Educational reformers jumped at the chance to encourage intellectual development via the canals.
Amos Eaton, a professor at the Rensselaer School in Troy, New York, ran a traveling school of
science on the Erie Canal in 1826. His efforts were followed by floating libraries, museums,
bookstores, and waxworks. Even a canal circus circulated on the Wabash and Erie Canal in the
1850's, promising seats cheaply for "Colored Persons...and Dress Circle, all armed Chairs."

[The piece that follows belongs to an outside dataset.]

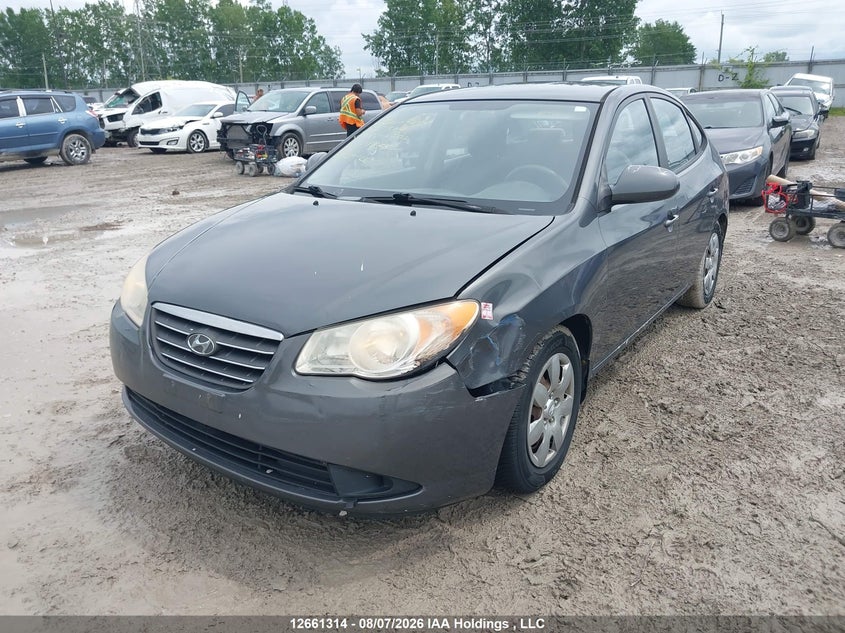 2009 Hyundai Elantra Gl/L, Front, IAAI, VIN KMHDU45D79U718865 — photo 2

Perhaps the greatest aspect of canal travel was its egalitarian nature. Crowded together, new
immigrants sat with New England orators; political debate was common and the exposure to new
ideas clearly sat well with many travelers. "When Henry Clay came along on his way to
Washington," wrote a passenger on the Pennsylvania Mainline Canal, "what a chance for the
village orator to speak at him and all of us to hear him in response as we sailed from one set of
locks to the next!"
Reform behavior also focused on controlling the evils spread by the canal and its culture. Asiatic
cholera, always a danger, was carried easily along the canal lines. Cholera attacked poorer and
primarily Irish communities, allowing reformers to suppose that it was "primarily a moral
dilemma." Thus, attention began to focus on conditions of labor for the boatmen, temperance
issues, and an overall desire to preserve what was considered to be American virtue and morality
among canal workers and travelers.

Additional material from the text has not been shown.